> **WORK INSTRUCTIONS**:
Return the stretch from the line with "To remove a" through the line with "Hello students, in" in the data below, character for character, skipping all pictures.

··· DATA LISTING ···

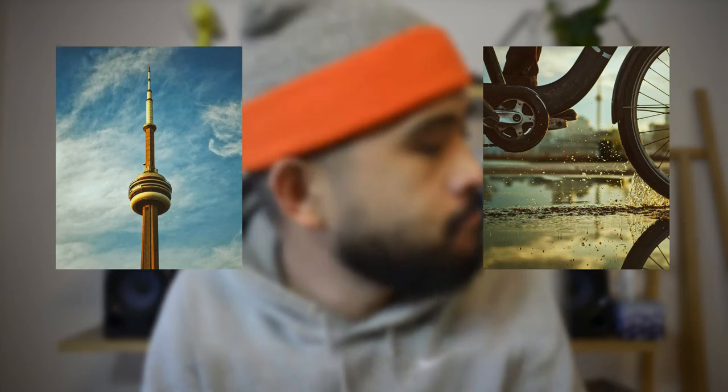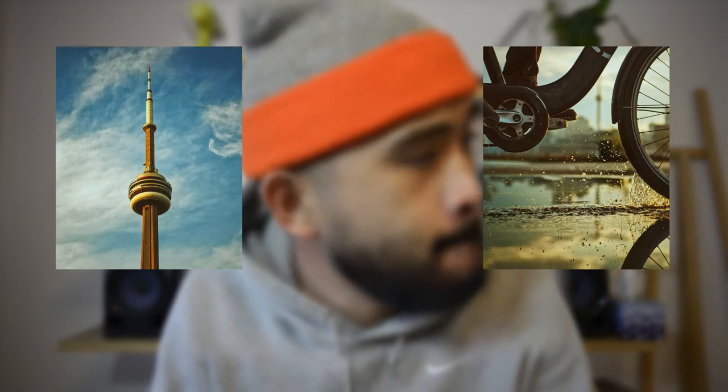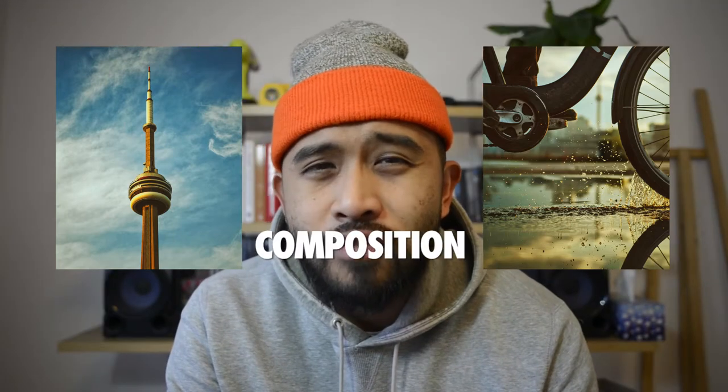Quick! What's the difference between these two photos? It's a little thing called composition. If you don't really know what that is, let me break it down for you.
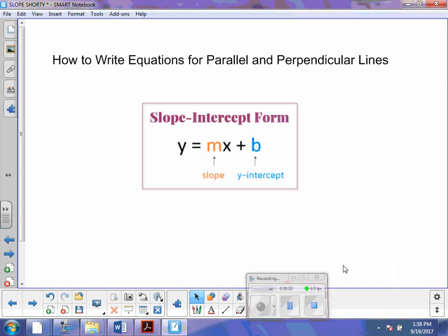Hello, everybody. It's Ms. Crazy K. I'm going to teach you guys how to write equations for parallel and perpendicular lines. I'm going to stick with slope-intercept form, y equals mx plus b, where m is slope and b is the y-intercept. We already know that.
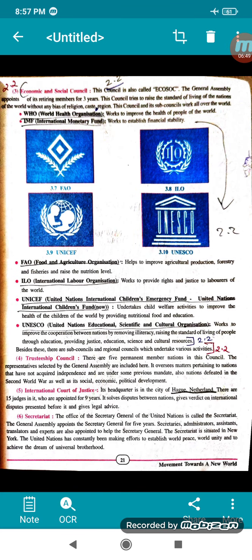The next organ is the Economic and Social Council, also called ECOSOC. The General Assembly appoints its members on a rotating basis for three years. This council tries to raise the standard of living of the nations of the world without any bias of religion, caste, or region. This council has sub-councils that work all over the world.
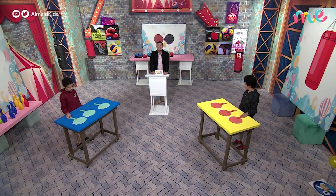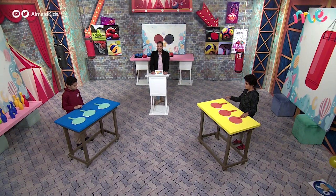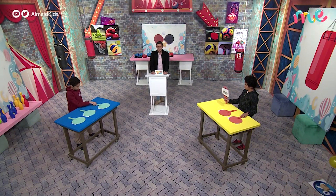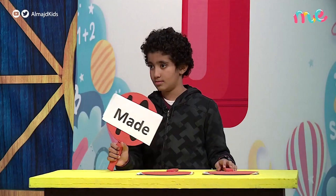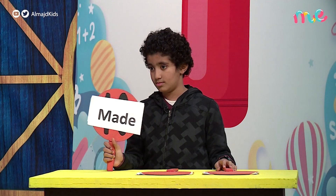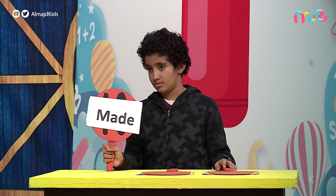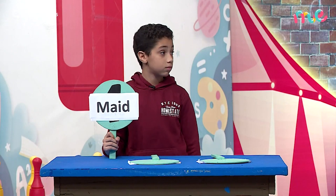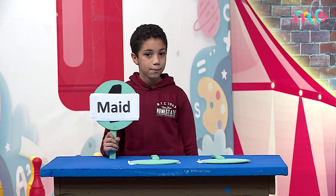Your next word is maid. Maid. Maid. Yep, find it, find it, find it. Good job.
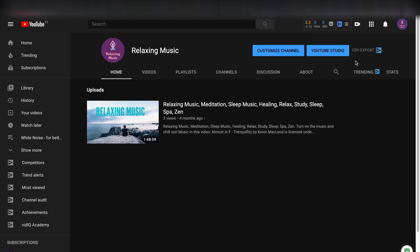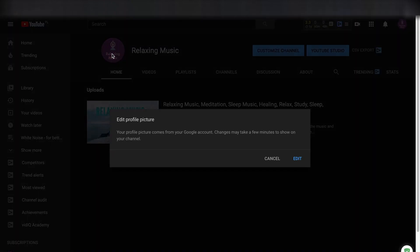To remove a channel icon, you need to go to your channel. As you can see, it's my testing channel Relaxing Music. You just need to click on your icon and then click on this icon.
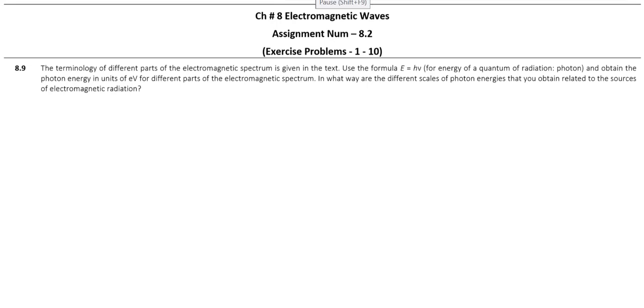Hello students, in this video we have 9 practice problems of Chapter 8, Electromagnetic Waves.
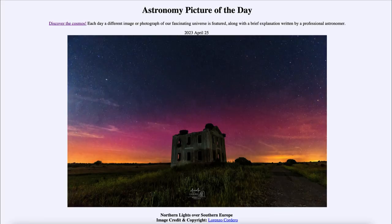Greetings and welcome to the introduction to astronomy. One of the things that I like to do in each of my introductory astronomy classes is to begin the class with the Astronomy Picture of the Day from the NASA website.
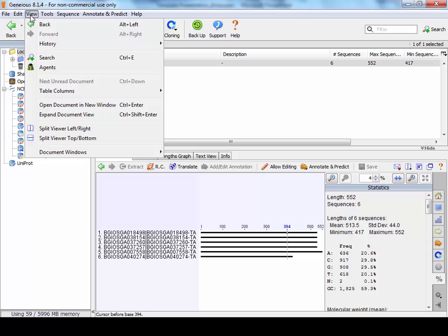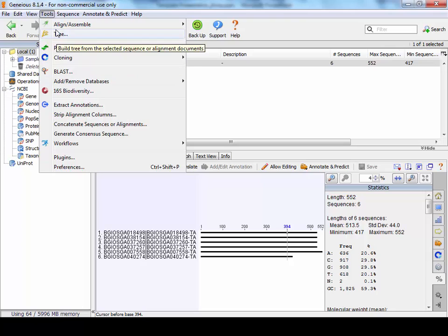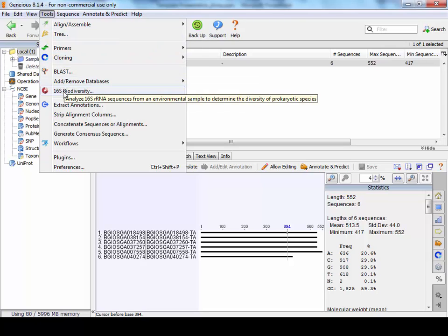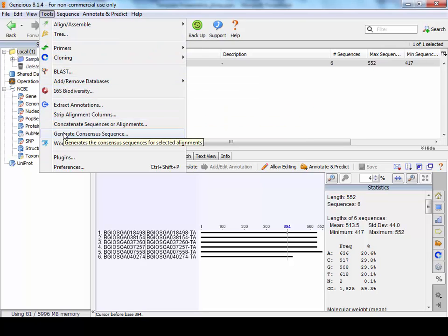In view, you can change the view settings if you want. In tools, there's blast and there's one or two other tools in here.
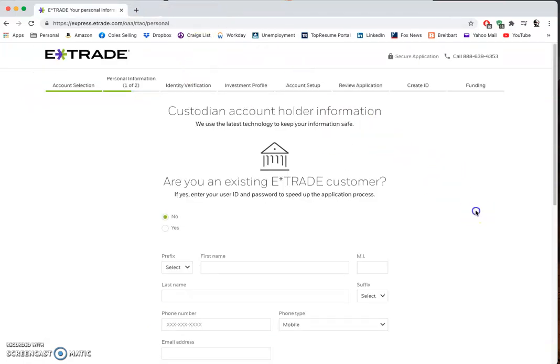That's basically how you buy and sell stock on E*TRADE. I just wanted to give you a place to start. If you have any questions you can reach out to me afterward - just ask Sam or send me a text. Bye.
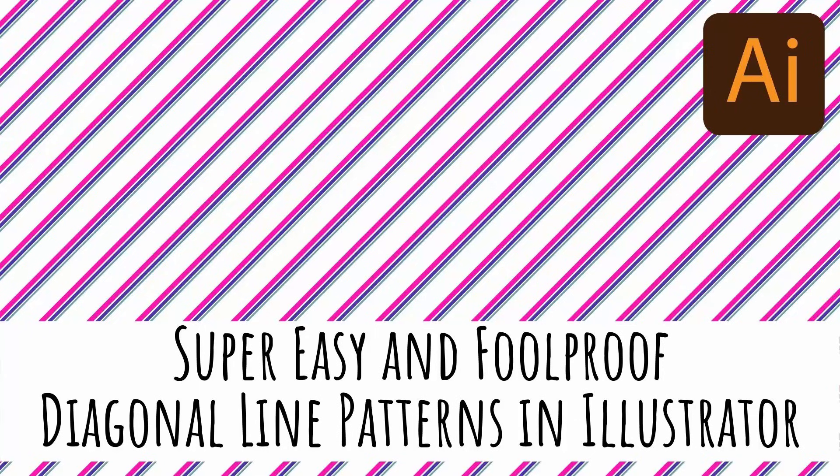Hello and welcome to this video tutorial. Today we're going to look at a quick, easy and basically foolproof way of creating diagonal line patterns in Illustrator.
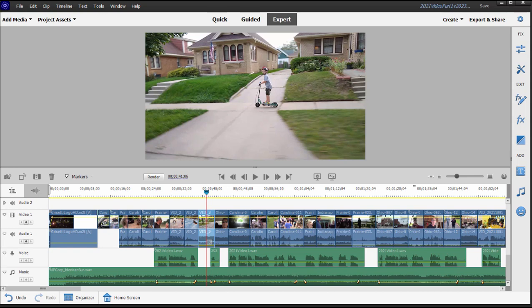What's new in version 2023? The answer is, well, not a lot. Mostly what Adobe has concentrated on is streamlining the program. It used to have facilities for outputting DVDs and Blu-ray discs. Those have been removed completely.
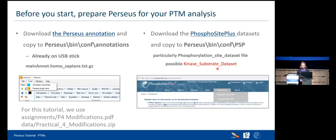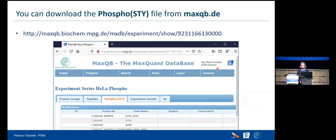Now let's talk about our dataset. You may not have heard about MaxQB — it was like the Max Planck Institute of Biochemistry's proteomics database, used for quite some time for uploading datasets. You can go to MaxQB.biochem.mpg.de and find details about the Sharma et al. phosphoproteomics dataset. You can also navigate to the phospho STY section and dive deeper into the dataset. Participants here don't need this now, but later at home you could check MaxQB.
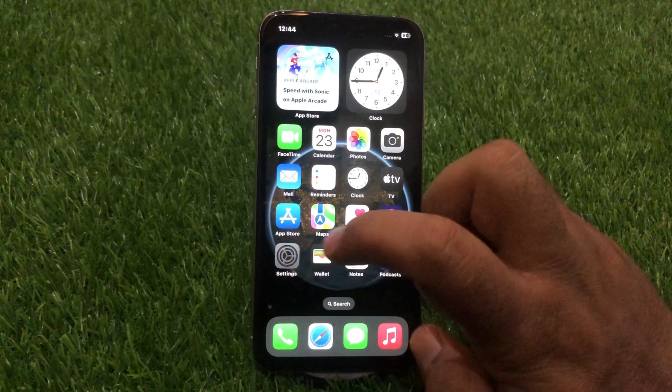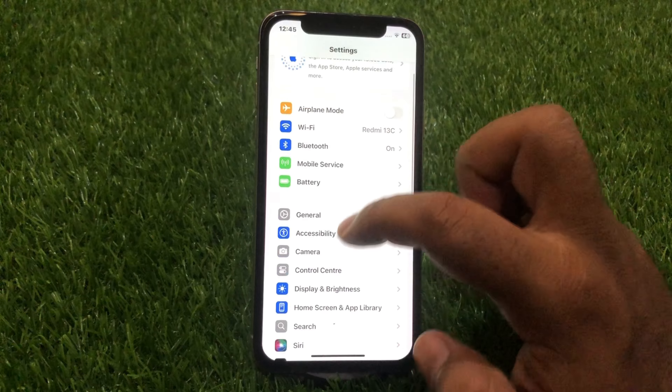To fix this issue, go to Settings, scroll down, and tap on General. Then tap on Software Update and make sure that you are using an updated version of the software. As you can see, I am using iOS 18.0, which is the updated version of iOS.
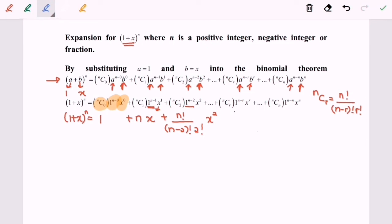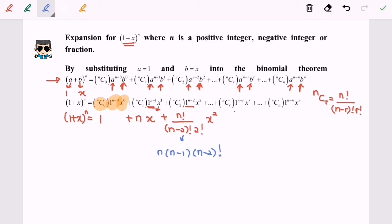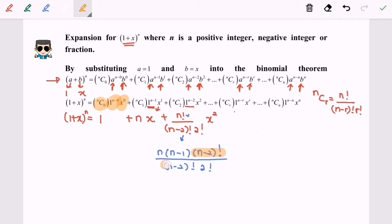Now I am going to simplify this part. As we know, n factorial equals n multiplied by (n minus 1) and then (n minus 2) factorial. The (n minus 2) factorial on top and bottom cancel, so we are left with n times (n minus 1) over 2 factorial, times x squared.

···

> **EXERCISE OUTPUT**:
To remove a channel icon, you need to go to your channel. As you can see, it's my testing channel Relaxing Music. You just need to click on your icon and then click on this icon.
Hello students, in this video we have 9 practice problems of Chapter 8, Electromagnetic Waves.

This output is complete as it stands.